Non-specific chronic low back pain (NSCLBP) is a major health problem, affecting about one fifth of the population worldwide. To avoid further pain or injury, patients with NSCLBP seem to adopt a stiffer movement pattern during everyday living activities. However, it remains unknown how NSCLBP affects the lumbar lordosis angle (LLA) during repetitive activities such as walking or running. This pilot study therefore aimed at exploring possible NSCLBP-related alterations in LLAs during walking and running by focusing on discrete parameters as well as continuous data. Thirteen patients with NSCLBP and 20 healthy pain-free controls were enrolled and underwent a full-body movement analysis involving various everyday living activities such as standing, walking and running. LLAs were derived from markers placed on the spinous processes of the vertebrae L1-L5 and S1. Possible group differences in discrete (average and range of motion (ROM)) and continuous LLAs were analyzed descriptively using mean differences with confidence intervals ranging from 95% to 75%. Patients with NSCLBP indicated reduced average LLAs during standing, walking and running and a tendency for lower LLA-ROM during walking.
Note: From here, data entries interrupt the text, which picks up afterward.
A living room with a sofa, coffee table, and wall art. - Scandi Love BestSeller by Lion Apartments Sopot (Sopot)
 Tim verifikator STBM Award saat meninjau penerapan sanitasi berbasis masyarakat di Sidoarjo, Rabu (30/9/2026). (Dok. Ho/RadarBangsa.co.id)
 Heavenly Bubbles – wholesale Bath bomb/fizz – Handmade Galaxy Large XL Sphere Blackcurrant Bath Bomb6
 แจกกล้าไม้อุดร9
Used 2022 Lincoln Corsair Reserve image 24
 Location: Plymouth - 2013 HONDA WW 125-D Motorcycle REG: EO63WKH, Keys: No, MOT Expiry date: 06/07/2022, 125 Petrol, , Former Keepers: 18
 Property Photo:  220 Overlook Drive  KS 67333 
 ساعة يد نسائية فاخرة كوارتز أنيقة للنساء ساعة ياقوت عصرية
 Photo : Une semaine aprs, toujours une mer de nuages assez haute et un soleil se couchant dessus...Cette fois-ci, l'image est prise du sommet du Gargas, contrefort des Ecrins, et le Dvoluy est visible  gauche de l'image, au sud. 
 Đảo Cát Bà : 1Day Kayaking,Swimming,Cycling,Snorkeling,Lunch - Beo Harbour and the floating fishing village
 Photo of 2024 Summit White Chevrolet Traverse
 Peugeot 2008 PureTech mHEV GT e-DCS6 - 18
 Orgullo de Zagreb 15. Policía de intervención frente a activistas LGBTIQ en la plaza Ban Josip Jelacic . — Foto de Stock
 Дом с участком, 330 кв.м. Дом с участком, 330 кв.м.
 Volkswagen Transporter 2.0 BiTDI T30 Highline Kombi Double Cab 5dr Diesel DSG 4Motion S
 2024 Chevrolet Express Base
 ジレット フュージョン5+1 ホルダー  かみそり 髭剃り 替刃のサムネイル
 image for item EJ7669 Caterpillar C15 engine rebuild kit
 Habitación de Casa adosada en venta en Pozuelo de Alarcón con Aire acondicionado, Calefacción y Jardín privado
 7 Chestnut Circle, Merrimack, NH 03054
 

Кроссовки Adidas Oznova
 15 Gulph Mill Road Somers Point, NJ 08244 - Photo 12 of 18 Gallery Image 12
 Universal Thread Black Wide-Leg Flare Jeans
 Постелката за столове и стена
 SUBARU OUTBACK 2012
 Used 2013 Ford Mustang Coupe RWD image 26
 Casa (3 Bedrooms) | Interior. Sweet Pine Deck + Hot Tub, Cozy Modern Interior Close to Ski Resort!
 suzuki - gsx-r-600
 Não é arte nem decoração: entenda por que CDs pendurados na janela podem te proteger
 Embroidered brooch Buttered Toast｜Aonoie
Analyses of continuous data indicated the largest group differences occurring around 25% and 70% of the walking and 25% and 75% of the running cycle. Furthermore, patients indicated a reversed movement pattern during running, with increasing instead of a decreasing LLAs after foot strike. This study provides preliminary evidence that NSCLBP might affect LLAs during walking and running. These results can be used as a basis for future large-scale investigations involving hypothesis testing.